Genç bir Wall Street çalışanı, New York’un vahşi koşuşturmasına ayak uydurmuşken, kendini doğup büyüdüğü yerde bulur. Kara para araştırmaları sonucu, uzun zaman önce koptuğu ailesini de ilgilendirecek tehlikeli bilgilere ulaşacaktır. John Stalberg Jr. imzalı gerilimi yüksek suç dramında başrolü, genç oyuncu Beau Knapp üstlenmiş. Alexis Bledel, Jeremie Harris, Luke Hemsworth, Vincent Kartheiser, Malaya Rivera Drew ve usta aktör Kurt Russell, oyuncu kadrosunu oluşturan isimler.

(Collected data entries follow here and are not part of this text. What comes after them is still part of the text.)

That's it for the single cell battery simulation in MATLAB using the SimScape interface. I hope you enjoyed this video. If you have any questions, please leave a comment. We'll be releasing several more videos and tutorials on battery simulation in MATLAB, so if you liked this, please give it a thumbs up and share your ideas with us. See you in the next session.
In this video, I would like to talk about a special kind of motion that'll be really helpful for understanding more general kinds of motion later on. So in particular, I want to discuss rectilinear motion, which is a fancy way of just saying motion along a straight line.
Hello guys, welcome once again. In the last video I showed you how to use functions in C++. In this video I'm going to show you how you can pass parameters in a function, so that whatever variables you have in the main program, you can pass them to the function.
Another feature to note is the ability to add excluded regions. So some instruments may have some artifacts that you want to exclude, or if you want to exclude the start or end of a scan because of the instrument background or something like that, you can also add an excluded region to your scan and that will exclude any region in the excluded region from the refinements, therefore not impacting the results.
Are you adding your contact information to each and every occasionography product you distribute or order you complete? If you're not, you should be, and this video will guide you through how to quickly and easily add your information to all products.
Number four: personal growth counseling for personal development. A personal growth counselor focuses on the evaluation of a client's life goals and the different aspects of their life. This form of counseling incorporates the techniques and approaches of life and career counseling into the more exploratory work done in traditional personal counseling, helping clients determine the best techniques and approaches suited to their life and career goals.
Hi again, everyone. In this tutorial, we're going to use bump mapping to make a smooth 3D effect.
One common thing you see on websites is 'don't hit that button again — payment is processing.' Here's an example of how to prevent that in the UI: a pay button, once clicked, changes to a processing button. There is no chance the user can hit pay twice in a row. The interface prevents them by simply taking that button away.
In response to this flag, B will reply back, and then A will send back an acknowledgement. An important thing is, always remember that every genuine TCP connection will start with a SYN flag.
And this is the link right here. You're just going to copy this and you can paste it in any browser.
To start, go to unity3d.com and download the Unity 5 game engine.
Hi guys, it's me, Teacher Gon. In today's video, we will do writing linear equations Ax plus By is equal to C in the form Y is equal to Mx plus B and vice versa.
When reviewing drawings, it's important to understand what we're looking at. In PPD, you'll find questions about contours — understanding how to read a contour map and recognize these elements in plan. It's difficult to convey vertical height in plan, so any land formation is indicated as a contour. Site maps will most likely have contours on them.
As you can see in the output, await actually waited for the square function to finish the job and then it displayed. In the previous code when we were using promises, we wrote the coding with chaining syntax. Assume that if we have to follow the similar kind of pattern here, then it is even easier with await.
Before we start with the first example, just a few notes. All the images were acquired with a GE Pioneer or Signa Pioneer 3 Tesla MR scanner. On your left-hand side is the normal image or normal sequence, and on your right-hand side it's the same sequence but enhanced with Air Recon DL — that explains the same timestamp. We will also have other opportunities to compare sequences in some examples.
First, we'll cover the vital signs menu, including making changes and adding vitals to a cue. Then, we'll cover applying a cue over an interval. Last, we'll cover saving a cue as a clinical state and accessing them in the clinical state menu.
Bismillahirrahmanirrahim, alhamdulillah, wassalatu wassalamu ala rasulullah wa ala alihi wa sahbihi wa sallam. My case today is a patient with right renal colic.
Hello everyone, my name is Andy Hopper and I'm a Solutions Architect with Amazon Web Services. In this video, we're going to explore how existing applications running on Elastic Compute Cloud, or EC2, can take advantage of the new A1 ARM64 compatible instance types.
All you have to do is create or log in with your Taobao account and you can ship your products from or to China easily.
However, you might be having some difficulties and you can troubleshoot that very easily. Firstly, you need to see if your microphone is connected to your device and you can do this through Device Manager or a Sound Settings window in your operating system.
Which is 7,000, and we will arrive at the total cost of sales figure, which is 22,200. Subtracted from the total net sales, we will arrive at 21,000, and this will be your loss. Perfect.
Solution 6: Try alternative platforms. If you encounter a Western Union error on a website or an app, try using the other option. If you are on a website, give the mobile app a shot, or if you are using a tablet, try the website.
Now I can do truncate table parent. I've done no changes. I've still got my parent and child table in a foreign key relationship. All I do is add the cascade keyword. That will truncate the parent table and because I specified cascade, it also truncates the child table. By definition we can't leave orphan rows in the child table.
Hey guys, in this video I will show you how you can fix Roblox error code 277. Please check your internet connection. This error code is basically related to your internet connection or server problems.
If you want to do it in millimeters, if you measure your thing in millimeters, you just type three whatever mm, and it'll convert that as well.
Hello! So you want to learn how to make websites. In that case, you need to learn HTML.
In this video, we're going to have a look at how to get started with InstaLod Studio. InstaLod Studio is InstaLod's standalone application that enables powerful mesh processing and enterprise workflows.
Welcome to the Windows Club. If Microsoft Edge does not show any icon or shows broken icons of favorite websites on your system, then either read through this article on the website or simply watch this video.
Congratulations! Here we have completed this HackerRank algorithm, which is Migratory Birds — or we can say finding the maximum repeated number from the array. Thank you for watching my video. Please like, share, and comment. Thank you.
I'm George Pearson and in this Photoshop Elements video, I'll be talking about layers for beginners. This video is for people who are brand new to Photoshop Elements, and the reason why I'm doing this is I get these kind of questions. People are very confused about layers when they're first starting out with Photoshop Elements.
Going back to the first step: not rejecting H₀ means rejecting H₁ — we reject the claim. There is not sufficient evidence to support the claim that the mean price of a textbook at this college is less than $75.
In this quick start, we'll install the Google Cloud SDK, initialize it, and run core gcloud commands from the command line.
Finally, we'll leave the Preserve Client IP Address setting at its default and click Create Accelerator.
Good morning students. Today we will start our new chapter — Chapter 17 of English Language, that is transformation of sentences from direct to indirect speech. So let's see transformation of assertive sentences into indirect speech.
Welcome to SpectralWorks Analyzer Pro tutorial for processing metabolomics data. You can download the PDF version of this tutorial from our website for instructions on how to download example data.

Para birimleri ve para transferleri arasında unutulmuş, ötelenmiş önemli değerler ve bir arada kalmanın gerekliliği! Büyük ve karanlık meblağların altında kalan küçük, düzgün insanlar. Aile, aşk, dostluk, ihanet, sadakat ve fedakarlık. Türler arasında gidip gelen suç öyküsü, ikna zorluğu yaşatıp, bazı anlar sarksa da, finale dek izlettiriyor kendini bir şekilde. (2,5 / 5)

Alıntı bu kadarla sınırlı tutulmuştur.